Applying the product rule, the derivative of \(x\) with respect to \(x\) times \(y\) plus \(x\) times the derivative of \(y\) with respect to \(x\) equals the derivative of the constant \(4\) with respect to \(x\). This results in \(1 \cdot y + x \cdot dy/dx = 0\).

Solve for \(dy/dx\)

We isolate \(dy/dx\) to one side of the equation to find its value. Subtract \(1 \cdot y\) from both sides and then divide the whole equation by \(x\). We get \(dy/dx = -y / x\).

Key concepts

Product Rule

In differential calculus, the product rule is a fundamental technique used to find the derivative of products of two or more functions.

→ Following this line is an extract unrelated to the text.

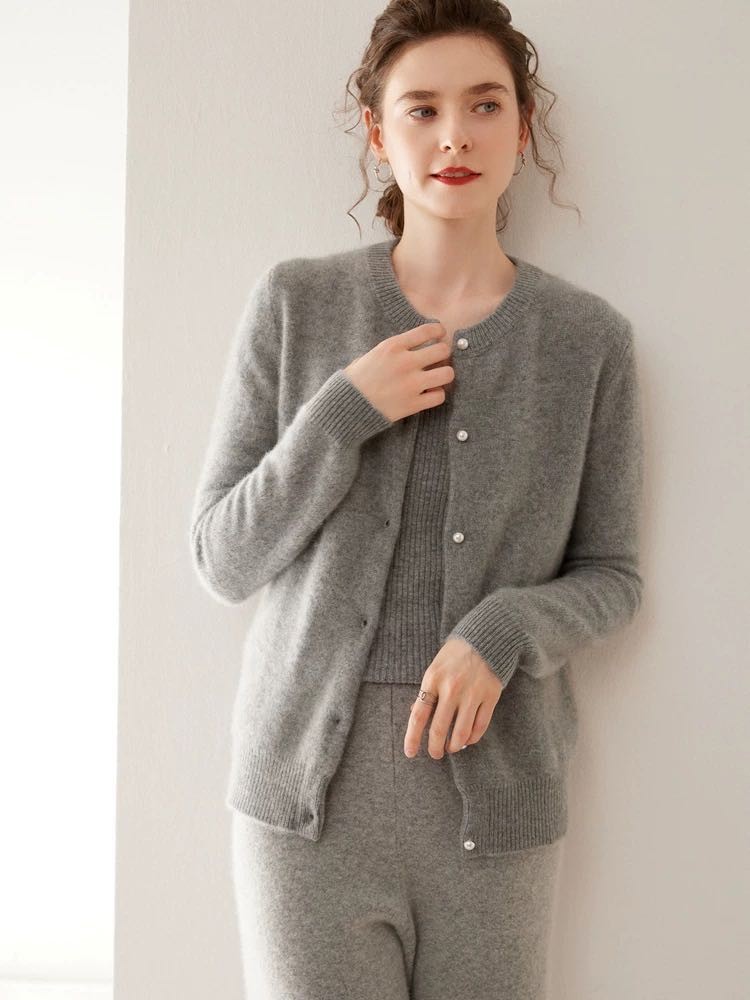 Woolen demi-season solid color cardigan with a round collar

It states that if you have a product of functions, let's say u(x) and v(x), the derivative of their product with respect to x is given by u'v + uv', where u' and v' represent the derivatives of u and v respectively.

For instance, if we have an equation such as xy = 4, and we wish to differentiate with respect to x, we can apply the product rule. Label x as our first function (which we'll call u) and y as the second function (which we'll call v). Derivatives of u and v are 1 and dy/dx respectively (since y is implicitly a function of x). Using the product rule formula, we find that the derivative of xy with respect to x is 1 * y + x * (dy/dx).

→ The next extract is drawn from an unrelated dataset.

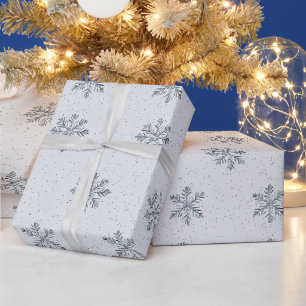 Silver Snowflakes Weihnachten Geschenkpapier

Understanding and correctly applying the product rule is essential when dealing with products of variable terms where each is a function of the differential variable.

Differential Calculus

Differential calculus is a branch of mathematics that studies the rates at which quantities change. This field is fundamentally concerned with the concept of a derivative, which provides an exact mathematical way to analyze and calculate this rate of change.

In practical terms, when we face a function f(x), the derivative of this function, denoted as f'(x) or df/dx, tells us how f(x) changes as x varies. Taking our example of xy = 4, this equation can represent a curve where every point on the curve satisfies the equation. By using differential calculus, specifically implicit differentiation in this case, we can understand how y changes in response to changes in x without the need to solve for y explicitly. This is particularly useful for complex equations or when y cannot be easily expressed as a function of x.

Derivative of Constants

In calculus, constants play a special role in differentiation. A constant is a term that does not depend on the variable of differentiation. As such, the derivative of a constant with respect to any variable is zero. This concept is essential to understand and apply when performing differentiation in various contexts.

Referring to our equation xy = 4, the number 4 on the right-hand side of the equation is a constant. When differentiating any constant like this with respect to x, the result is 0. This is why in the solution provided for the example, when we implicitly differentiate both sides of the equation with respect to x, the right-hand side becomes 0 after differentiation. This principle greatly simplifies many differentiation processes, as it allows us to dismiss any constant terms and focus on the differentiation of variable-dependent terms.